Das Gras wächst nicht schneller, wenn man daran zieht

 „Das Gras wächst nicht schneller, wenn man daran zieht“. Aus Afrika, genauer gesagt aus Sambia, soll dieses, seit dem Ende des 20. Jahrhunderts gebräuchliche Sprichwort stammen. Es beschreibt recht treffend die Situation in den letzten Monaten an den Märkten. Immer noch liegt der Dax 20 Prozent unter seinem historischen Höchststand. Gut ein Jahr ist das mittlerweile her. Seit dem hat der Dax mehrere Anläufe gebraucht, um die 10.000-Marke letztlich zu durchbrechen. Aber aus irgendwelchen Gründen halten die Pessimisten dagegen. Bis zuletzt haben sie verstärkt vor einer aufziehenden Rezession, schlechten Unternehmensergebnissen und auch vor der Jahreszeit gewarnt. Immerhin beginnt bald der Mai und damit bekanntlich eine historisch eher weniger gute Börsenzeit. Aber „Sell in may and go away“ könnte in diesem Jahr der falsche Rat sein. Diese beinahe schon antiquarisch anmutende Börsenweisheit ist einfach nicht totzukriegen. Betrachtet man nüchtern die Statistik, ist die Mai-Schwäche eher ein Phänomen jüngerer Tage. Blickt man auf den Dow Jones seit Anbeginn seiner Existenz, also seit 1897, dann verläuft der Mai im statistischen Schnitt völlig unauffällig seitwärts. 

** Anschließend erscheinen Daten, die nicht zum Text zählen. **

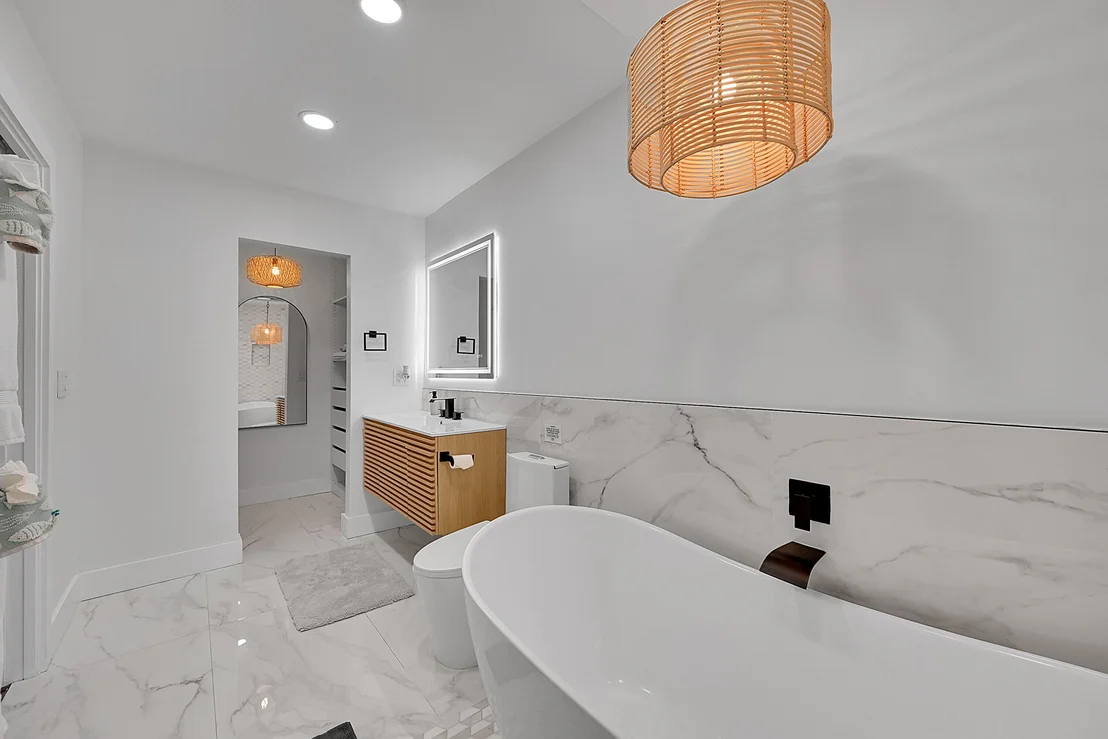 Photo of 1080 SE 9TH Avenue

In Ermangelung richtiger Gründe für die Marktschwäche in den letzten Monaten, musste der Ölpreis als Sündenbock herhalten. Der war immer schuld. Wenn der Ölpreis fällt, sind die Märkte in Sorge, wenn er zu stark steigt ebenfalls. Zum Beispiel galt der tiefe Ölpreis noch bis Ende 2015 als kostenloses Konjunkturprogramm und damit als Kurstreiber für die Aktienmärkte. Als dann Anfang 2016 die Kurse stark korrigierten wurde der Preisverfall beim schwarzen Gold plötzlich als für die Börsen schädlich eingestuft, weil die ölexportierenden Staaten als Konsequenz weniger Güter aus dem Westen einführen und die amerikanische Frackingindustrie tiefrote Zahlen schreibt. Manchmal erschienen die Begründungen schon reichlich bemüht. Aber wenn die Mehrheit der Markteilnehmer so denkt, dann ist das halt so.Pessimismus und Skepsis dominierten die Stimmung an den Märkten. Den verbliebenen Optimisten blieb halt nur abzuwarten und das gute Einstiegsniveau zu nutzen, um die Aktienpositionen langsam aufzubauen. An der Börse braucht es einfach Geduld. 

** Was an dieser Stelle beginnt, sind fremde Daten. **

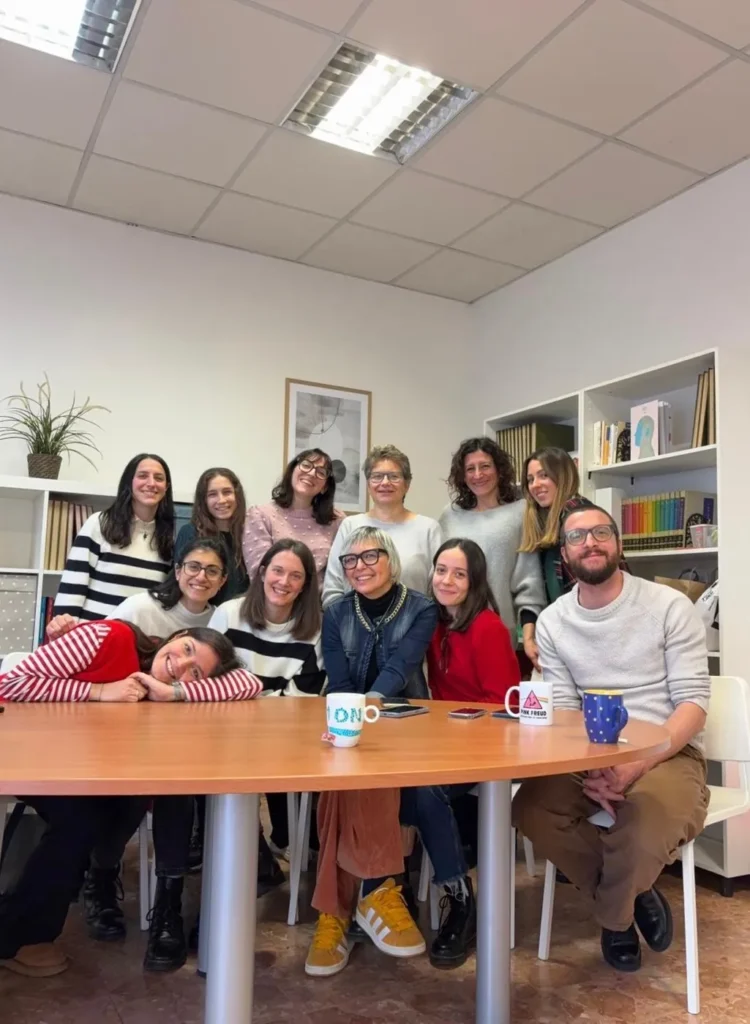 L’équipe di Colibrì LAB riunita attorno al tavolo dello studio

Trotz alledem werden die nächsten Wochen spannend. Zahlreiche politische Entscheidungen stehen an, die auch für die Konjunktur- und Finanzmarktentwicklung hohe Relevanz besitzen. In Großbritannien wurde die heiße Phase des „Brexit-Wahlkampfs“ eingeläutet (Wahltag 23. Juni). Die Umfragen sehen nach wie vor ein offenes Rennen zwischen Befürwortern und Gegnern des EU-Austritts. Der Finanzmarkt geht jedoch davon aus, dass die ökonomische Vernunft siegt, die für einen Verbleib der Briten in der EU spricht. 

Nach dem „Brexit“ ist vor dem „Grexit“. Ein Comeback der besonderen Art wird mit hoher Wahrscheinlichkeit die Diskussion um das 3. Hilfspaket für Griechenland in diesem Sommer erleben. Wie ein Damoklesschwert schwebt dieses Szenario über der Eurozone. Die griechische Regierung ist, und das ist eigentlich keine Überraschung, mit der Umsetzung von Reformen im Verzug. Seit Monaten steht daher der erste Prüfbericht für das im vergangenen Jahr vereinbarte 3. Hilfspaket (über 86 Mrd. EUR) aus. Viele Beobachter vermuten, die Griechen könnten auf Zeit spielen und die Verhandlungen bis in den Juni und damit den Zeitraum der „Brexit-Entscheidung“ ziehen. Erst dann dürfte ihnen das Geld ausgehen. Ein für Europa gefährliches Szenario. 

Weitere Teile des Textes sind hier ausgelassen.